Provenance documentation

Provenance documentation:#

Provenance documentation of (automated) SOP steps is required to enable reusability of data and validity checks. Provenance information needs to document the agent, entities and activities and should facilitate reproducibility but mainly document execution steps rather than enable the fully-automated re-execution which would further require the automated setup of the software environment (e.g. through Docker). Provenance of individual SOP steps should be recorded in a machine-readable fashion (e.g. in a JSON file). The w3-prov standard defines how provenance information can be stored, however this format is rather complex and was defined at a time when FAIRness was not around. At present, we know of no ideal provenance format but of course the prerequisites that the actors, activities and entities of the provenance workflow should be recorded remains true.

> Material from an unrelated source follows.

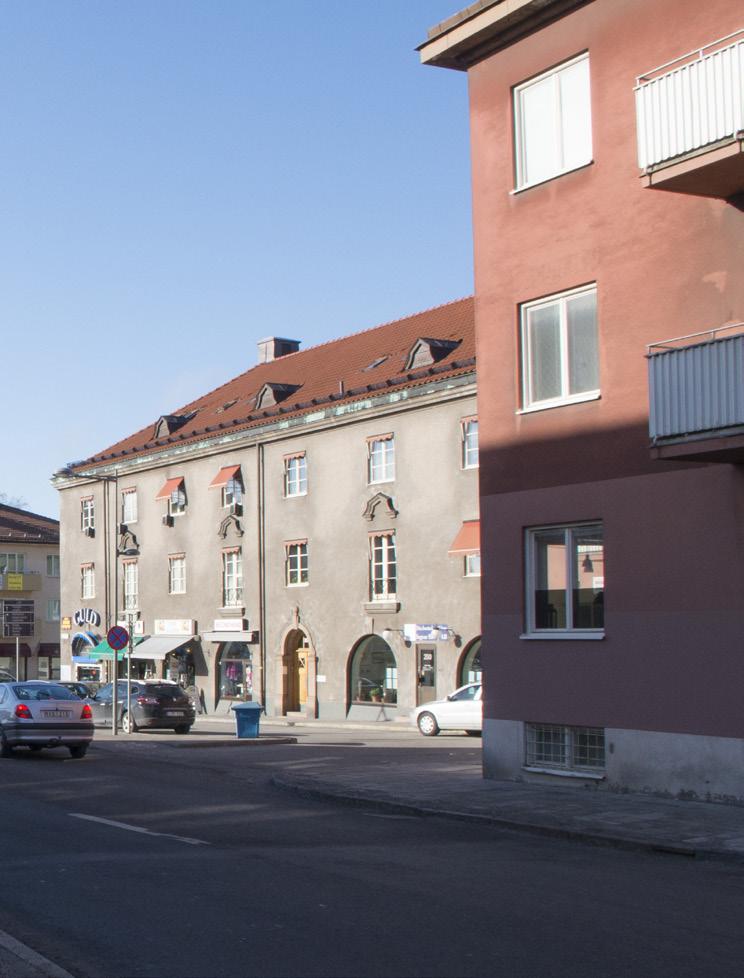 ÄLVSJÖ Stadsdelen Älvsjö bildades 1926 och är idag en kollektivtrafiknod i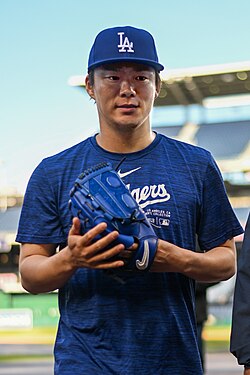 Yoshinobu Yamamoto gave up only one hit through six innings in his World Series debut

One possibility for FAIR marine images is to use the image-provenance field and/or to store an additional machine-readable provenance file next to the image data. Such a file could look like this:

{
    "provenance":
        "executables": [
            {
                "name": <executable name>
                "version": <version string of executable>
                "parameters": [
                    {
                        "name": <param-x_name>
                        "value": <param-x_value>
                        "hash": <md5 hash of file at <param-x_value> (optional, only for files)>
                    },
                    {
                        "name": <param-y_name>
                        "value": <param-y_value>
                    }]
                "log": all the logging information from the executable
                "hashes": null
                "time": <time of execution: in utc, human-readable, with milliseconds (%Y%m%d %H:%M:%S.%f)>
            },
            {
                ...
                "parameter":
                ...
                "log":
                ...
                "hashes": <md5 hashes of previous provenance file>
                "time": ...
            }
        }
    }
}

When working with the folder structure place this file at: /<volume>/<project>/<event>/<sensor>/protocol/<event>_<sensor>_provenance-<executable name>-<datetime>.json

In case an additional processing step applied to a entity, the additional provenance information shall be appended to the provenance file of the entities’ creation. Together with the SHA256 hash of the previous provenance file, a blockchain-like behaviour is enabled.